**Task to complete**
The required output is the exact run of lines below that opens at the line with "Space Queen UV Uranium Glow Neckpeice" and closes at the line with "Used 2022 Kia".

Top of Source information

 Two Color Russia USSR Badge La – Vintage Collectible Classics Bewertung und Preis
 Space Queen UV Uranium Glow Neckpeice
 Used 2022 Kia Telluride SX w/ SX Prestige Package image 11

Bottom of Source information
Top of Source information

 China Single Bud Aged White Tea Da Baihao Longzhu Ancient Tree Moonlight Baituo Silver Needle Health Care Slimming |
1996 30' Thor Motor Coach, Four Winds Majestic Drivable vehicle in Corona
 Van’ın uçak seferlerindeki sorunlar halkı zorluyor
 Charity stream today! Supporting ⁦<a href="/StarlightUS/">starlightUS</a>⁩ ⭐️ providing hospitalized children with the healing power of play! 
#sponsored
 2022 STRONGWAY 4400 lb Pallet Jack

Bottom of Source information

**Exercise output**
 Space Queen UV Uranium Glow Neckpeice
 Used 2022 Kia Telluride SX w/ SX Prestige Package image 11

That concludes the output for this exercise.